### What is needed
Write out all of the entries, matching the original exactly.

### Stored data
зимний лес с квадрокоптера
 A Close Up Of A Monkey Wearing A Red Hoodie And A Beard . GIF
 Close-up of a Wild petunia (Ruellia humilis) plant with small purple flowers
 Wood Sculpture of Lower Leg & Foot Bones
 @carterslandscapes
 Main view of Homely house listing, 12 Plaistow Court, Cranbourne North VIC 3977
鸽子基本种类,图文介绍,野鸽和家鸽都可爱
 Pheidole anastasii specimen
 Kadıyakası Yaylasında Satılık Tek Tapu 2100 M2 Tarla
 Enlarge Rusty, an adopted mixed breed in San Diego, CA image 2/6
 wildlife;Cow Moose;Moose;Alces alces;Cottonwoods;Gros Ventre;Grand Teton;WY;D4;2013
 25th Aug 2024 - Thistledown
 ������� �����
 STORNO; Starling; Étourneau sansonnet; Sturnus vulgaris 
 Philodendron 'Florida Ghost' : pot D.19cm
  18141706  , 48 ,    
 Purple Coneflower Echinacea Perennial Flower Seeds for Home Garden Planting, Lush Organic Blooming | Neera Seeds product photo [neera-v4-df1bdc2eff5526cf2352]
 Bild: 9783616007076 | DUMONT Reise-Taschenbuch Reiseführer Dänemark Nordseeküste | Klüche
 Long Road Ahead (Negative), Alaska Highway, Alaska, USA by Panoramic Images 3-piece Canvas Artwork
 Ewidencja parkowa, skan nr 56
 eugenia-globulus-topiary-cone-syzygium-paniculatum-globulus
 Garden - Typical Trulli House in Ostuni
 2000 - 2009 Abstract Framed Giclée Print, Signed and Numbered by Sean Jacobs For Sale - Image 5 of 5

### Answer below
зимний лес с квадрокоптера
 A Close Up Of A Monkey Wearing A Red Hoodie And A Beard . GIF
 Close-up of a Wild petunia (Ruellia humilis) plant with small purple flowers
 Wood Sculpture of Lower Leg & Foot Bones
 @carterslandscapes
 Main view of Homely house listing, 12 Plaistow Court, Cranbourne North VIC 3977
鸽子基本种类,图文介绍,野鸽和家鸽都可爱
 Pheidole anastasii specimen
 Kadıyakası Yaylasında Satılık Tek Tapu 2100 M2 Tarla
 Enlarge Rusty, an adopted mixed breed in San Diego, CA image 2/6
 wildlife;Cow Moose;Moose;Alces alces;Cottonwoods;Gros Ventre;Grand Teton;WY;D4;2013
 25th Aug 2024 - Thistledown
 ������� �����
 STORNO; Starling; Étourneau sansonnet; Sturnus vulgaris 
 Philodendron 'Florida Ghost' : pot D.19cm
  18141706  , 48 ,    
 Purple Coneflower Echinacea Perennial Flower Seeds for Home Garden Planting, Lush Organic Blooming | Neera Seeds product photo [neera-v4-df1bdc2eff5526cf2352]
 Bild: 9783616007076 | DUMONT Reise-Taschenbuch Reiseführer Dänemark Nordseeküste | Klüche
 Long Road Ahead (Negative), Alaska Highway, Alaska, USA by Panoramic Images 3-piece Canvas Artwork
 Ewidencja parkowa, skan nr 56
 eugenia-globulus-topiary-cone-syzygium-paniculatum-globulus
 Garden - Typical Trulli House in Ostuni
 2000 - 2009 Abstract Framed Giclée Print, Signed and Numbered by Sean Jacobs For Sale - Image 5 of 5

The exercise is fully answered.